Warum einige Kinder kein Deutsch mehr können:

"Schakkeline, komm wech von die Regale du Arsch!" ... "Schanaia, tu das Maul weg von dem Papa sein Korn!" "Schakkeline, Schastin, Schantall, Käwinn - tu die Omma ma winken" "Schantall, komm ma b...ei die Tante, die geht mir dir bei Allkauf unt tut dich da ein Eis!" ... ... "Änriko, du solls nisch imma Schlampe nach die Omma rufen!" "Rohdriges, kommste.
................. jezz bei mich oder haste Kaka an die Ohren?" "Patzkal komm beim Haus, et fängt am Reschnen an!" "Änriko, isch hab Juck anne Rücken, mach ma kratz!" "Schastin, du solls der Schanina nich imma mit die Schüppe aufn Kopp kloppen!" "Käwin, mach dat mäh mal ei!" "Dastin nimm die Kopf aus die Juniortüte von der Marzel!" "Leandro, tu dat AaAa liegen lassen dat is Bäh!" "Zementha, tu dir mal dat Schlawannz uch anziehn" "Dschörimie, komm wech da bei die Assis" "Dat Daffne is schwanga und der wo die dat gemacht hat ist wech" "Schanina hol mal dat Mandy ausse Sonne datt verreckt" "Zändhi, wenne jez nich hörs und bei die Mama komms hat dein Föttchen Kirmes!"

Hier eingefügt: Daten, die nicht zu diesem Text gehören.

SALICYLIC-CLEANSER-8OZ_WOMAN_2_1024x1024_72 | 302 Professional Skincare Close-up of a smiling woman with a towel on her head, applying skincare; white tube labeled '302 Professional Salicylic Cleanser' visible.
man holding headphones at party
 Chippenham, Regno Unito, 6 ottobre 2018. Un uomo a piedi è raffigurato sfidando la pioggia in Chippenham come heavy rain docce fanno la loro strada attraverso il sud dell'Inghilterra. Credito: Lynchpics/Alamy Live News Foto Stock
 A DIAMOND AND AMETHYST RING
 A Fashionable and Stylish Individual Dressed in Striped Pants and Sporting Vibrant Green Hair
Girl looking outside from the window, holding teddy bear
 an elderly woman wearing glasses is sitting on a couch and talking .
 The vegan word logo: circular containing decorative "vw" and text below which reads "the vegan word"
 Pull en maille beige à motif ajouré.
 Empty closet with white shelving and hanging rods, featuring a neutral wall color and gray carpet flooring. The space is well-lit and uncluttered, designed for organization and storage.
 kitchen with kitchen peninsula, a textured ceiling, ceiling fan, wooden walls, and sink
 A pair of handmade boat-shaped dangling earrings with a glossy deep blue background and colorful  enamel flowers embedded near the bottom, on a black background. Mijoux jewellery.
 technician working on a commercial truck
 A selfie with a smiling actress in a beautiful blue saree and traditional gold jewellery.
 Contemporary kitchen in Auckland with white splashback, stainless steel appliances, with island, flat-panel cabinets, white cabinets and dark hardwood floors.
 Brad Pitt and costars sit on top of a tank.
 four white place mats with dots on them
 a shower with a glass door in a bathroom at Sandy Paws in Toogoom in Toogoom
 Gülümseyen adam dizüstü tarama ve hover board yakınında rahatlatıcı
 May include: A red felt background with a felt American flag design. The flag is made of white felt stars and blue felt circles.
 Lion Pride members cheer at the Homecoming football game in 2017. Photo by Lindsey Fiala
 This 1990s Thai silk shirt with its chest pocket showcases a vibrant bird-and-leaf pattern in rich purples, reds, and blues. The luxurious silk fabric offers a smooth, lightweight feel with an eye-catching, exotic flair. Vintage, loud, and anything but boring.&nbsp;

Gelesen - Tränen gelacht und geklaut . . . obwohl es ja schon fast zum weinen ist lol3




​


----------



## hager (11 Aug. 2012)

:thx: genau so "issis"   :thumbup:


----------



## MetalFan (11 Aug. 2012)

Das klingt mir sehr nach "Assi-TV"!


----------



## Tittelelli (11 Aug. 2012)

Rtl 2


----------



## stuftuf (11 Aug. 2012)

MetalFan schrieb:


> Das klingt mir sehr nach "Assi-TV"!



oder nach: gestern in der Straßenbahn


----------



## comatron (11 Aug. 2012)

Dis tu ich jetze nich in Kopp rinkriege - isn dis denn falsch ?


----------



## elwood100 (11 Aug. 2012)

Armes Deutschland


----------



## LuigiHallodri (11 Aug. 2012)

Ich weiß nicht, ich schwanke zwischen lol3 und kopf99 :devil: und !


Oder wie Olaf Schubert erzählt: "Wem seine Jacke gehört´n die?" ... "Ich!"


----------



## Punisher (12 Aug. 2012)

Ey Alda, krass geil ey


----------